Ipfs-search is the search engine for the distributed web. And what is that?

Several services and protocols make up the distributed web. In this post, we will look at two of the main ones, IPFS and FileCoin, and how they are put together.

IPFS

IPFS is a combination of Kademlia and BitTorrent protocol with ideas from Git. It is a content-addressed block storage model. Block storage means it stores user data and its information as separate objects in a store that can hold any kind of file system.
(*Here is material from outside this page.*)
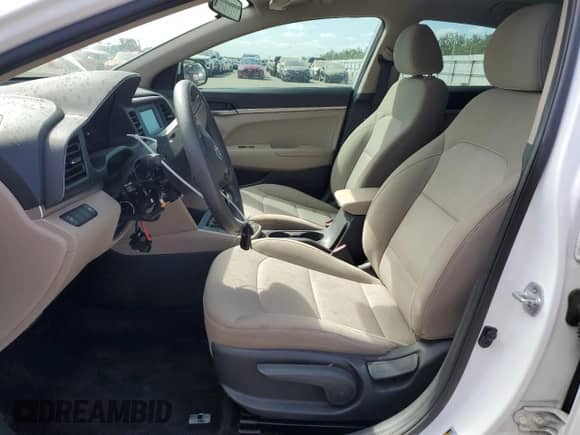 2019 Hyundai Elantra SE z VIN 5NPD74LF5KH459485, wystawiony jako Copart lot #71920855 z przebiegiem 81 720 mil mil oraz Szkoda całkowita • Salvage title. Historia ofert i sprzedaży dostępna na DreamBid. Obrazek 7.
It uses content-addressed hyperlinks to make the information described retrievable over the web-based on its contents rather than location.

Features

Each file and all the blocks in it have a unique fingerprint (hash).
IPFS tracks the version history of each file.
The protocol removes duplications across the network.
A node stores only content it cares about and some indexing information (for who is storing what).
Looking for files means looking for nodes storing the content behind the hash, a unique code.
You can find every file by its human-readable name using the IPNS naming system.

Use cases

IPFS was designed as a distributed storage technology, useful for archivists, service providers and content creators. The number of users has increased a lot recently, as well as its intended scope and its applications. For example, IPFS makes it possible to run a decentralized application (ÐAPP) and store complex and unstructured content with a distributed file system based on IPFS that is not connected to the public IPFS network, so that its content isn’t spread on other IPFS hosts outside the network.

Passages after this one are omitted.